Because there always has to be some high-end way of raking in the bucks, Progressive Field has a tiered restaurant that allows diners to see and be seen. I always wonder about these. Do you dine for the entire game or do you have to leave halfway through the fourth inning to free up your table for another party? And what a disconnected way to watch a game.
JumboTron: Yep, they’ve got one. It’s big and largely covered with advertising but as far as widescreen TVs in the park go, this one was toned down. There wasn’t as much flash (mostly static ads), annoying videos were kept to a minimum, and I don’t recall seeing a single movie trailer or commercial.
Sound level: Not bad at all. The speakers weren’t cranked up to 11 to compensate for the open air. There were even times when the canned noise stopped altogether and you could actually focus on what was going on down on the field.
Home run gimmick: Unfortunately, in the two games I saw, the only homers were hit by the opposing team, so we never got to see how the home team celebrates when a ball is hit out of the park. We did, however, see a fan escorted out of the park after he thew a Cardinal-hit home run ball back on the field–something you’d never see at Wrigley!
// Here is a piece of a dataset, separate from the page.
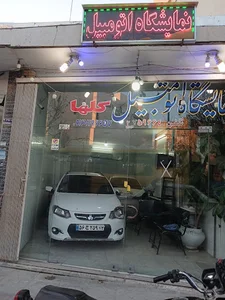 نمایشگاه اتومبیل گلها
Food: This was easily the biggest disappointment. The food was lousy. The hot dog I had is definitely in contention for worst in all of Major League Baseball. Condiments offered (or lack thereof) were the first clue that this was not going to be a memorable dog: no pickle relish, no onions. They did offer two types of mustard, including the famous Bertman Ball Park Mustard (some of which we bought to take home with us.) The terrific local mustard wasn’t enough to mask the terrible flavor of the dog. Salt was the primary ingredient in both the hot dog and the waffle fries, a not-so-subtle ploy to get you to drink more beer.
I use hot dogs and nachos, two ballpark staples, to judge a park’s culinary worthiness. The nachos here tasted great in comparison. The “cheese” was good and they came with salsa and plenty of peppers on top.
Local fans: The local crowd was friendly and enthusiastic, though they still needed the JumboTron to tell them when to “make some noise.” Lots of empty seats. Unlike masochistic Cubs fans, members of “the tribe” don’t flock to the park to see their team lose again and again and again.